February 2, 2015

Valens Highlighted In Barron’s – UAFRS Highlights That AMD’s Credit Risk Is Being Materially Overstated By Markets

This week Valens was highlighted in a Barron’s article discussing how UAFRS-based metrics signal AMD’s credit risk is being mispriced, as well as efforts by newly appointed CEO Lisa Su to diversify and improve AMD’s operations. While credit default swaps are trading in the low 600s, levels suggesting AMD is in real financial distress, this risk pricing is not reflective of AMD’s underlying fundamentals.

Uniform Adjusted Financial Reporting Standards (UAFRS) based metrics reveal AMD has much safer fundamentals than as-reported metrics would suggest. As we highlighted last fall in an article on Seeking Alpha, AMD has robust UAFRS-based cash flows relative to operating obligations and a sizeable expected cash build. Moreover, the firm has a multi-year debt runway, sizeable market capitalization, and robust UAFRS-based recovery rate, which should allow the firm to access credit markets and refinance if necessary.

With such clear factors indicative of the firm’s safer credit profile, one may wonder what the market is missing. The answer lies in Valens’ use of UAFRS, which remove accounting distortions found in GAAP and IFRS. When using traditional as-reported financials, earnings are understated because the traditional calculation of net income does not recognize the firm’s investments in R&D as part of its operating investments. This violates one of the core principles of accounting, where expenses should be recognized in the period when the related revenue is incurred. R&D investment is an investment in the long-term cash flow generation of the company, and as such should be capitalized, not expensed. Moreover, the incorrect deduction of R&D investments as expenses makes it near-impossible to objectively compare the firm to its peers and even to its own historical performance.

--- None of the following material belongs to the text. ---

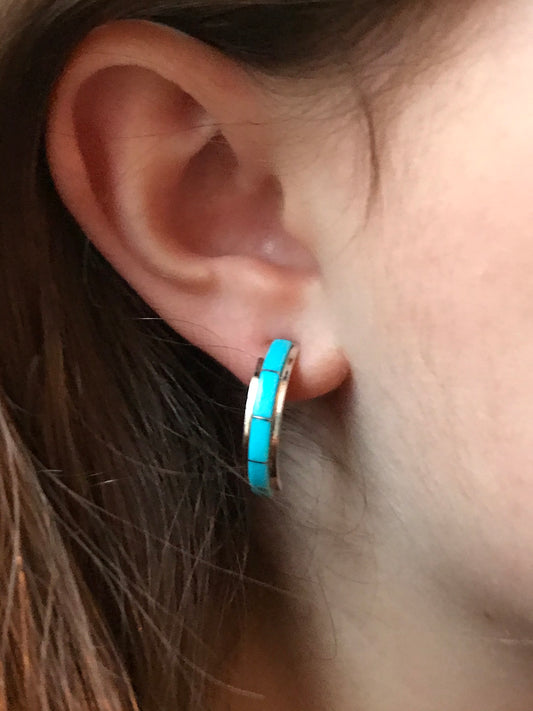 Turquoise hoop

While treatment of R&D expenses is the largest driver of the dislocation between AMD’s UAFRS and GAAP financials, other distortions include the treatment of operating leases, special items, and stock option expense amongst others. By using UAFRS, Valens removes the financial statement distortions and miscategorizations of GAAP. Some of these can be automated through consistently applied formulas; however, many must be made manually. Manual adjustments that cannot be automated include mergers and acquisitions accounting, special charges, business impairments, and others.

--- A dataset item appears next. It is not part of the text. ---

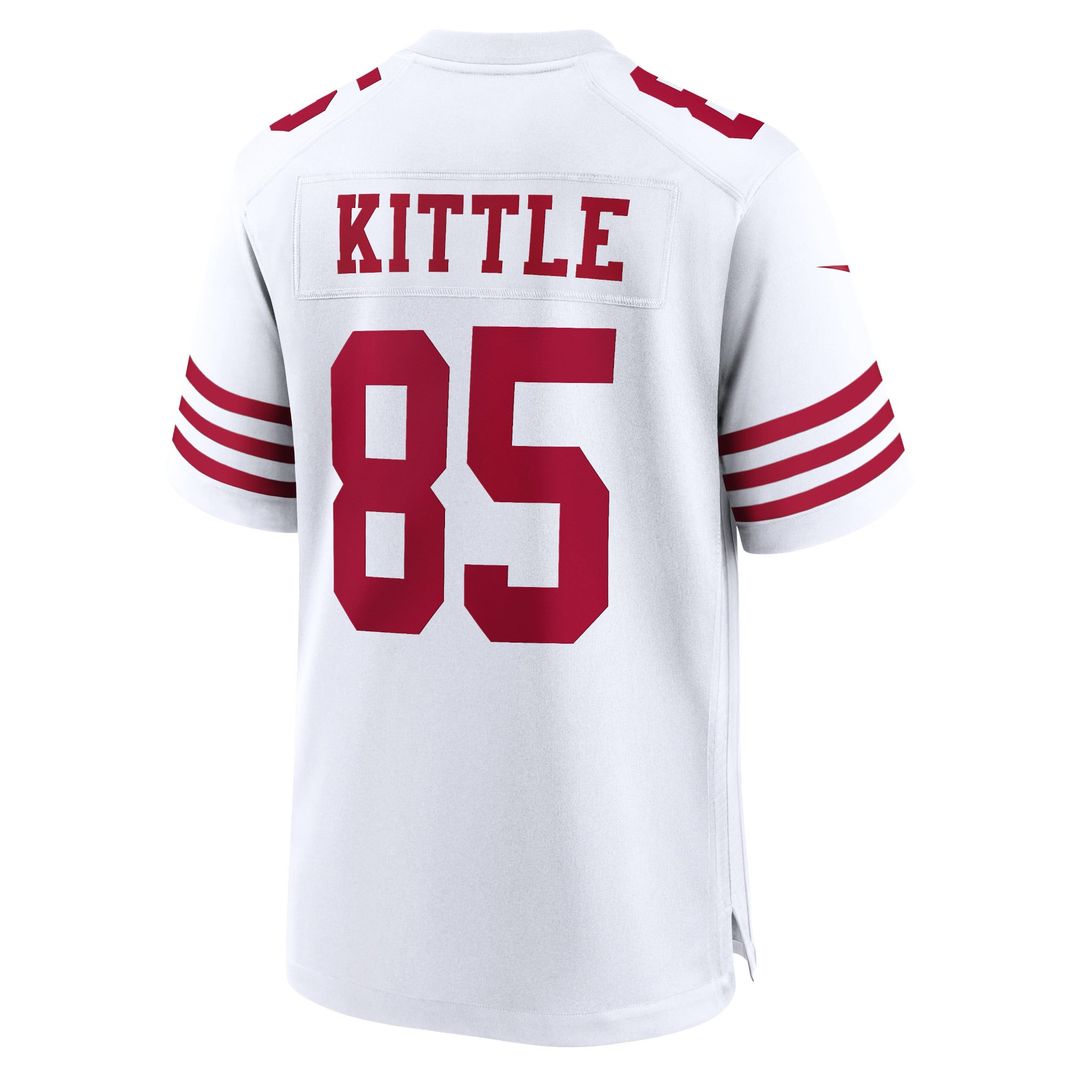 San Francisco 49ers George Kittle Nike White Game Jersey product image 6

The practice of creating consistent, apples-to-apples comparable measures of financial performance is often considered either tedious or overly complex by even seasoned financial analysts. However, Valens Research provides regularly updated, economically relevant and reliable corporate performance, equity valuation, and credit analytics by deconstructing and then reassembling each company’s financial statements into Uniform Adjusted Financial Reporting Standards (UAFRS) for each of more than 4,000 companies around the world.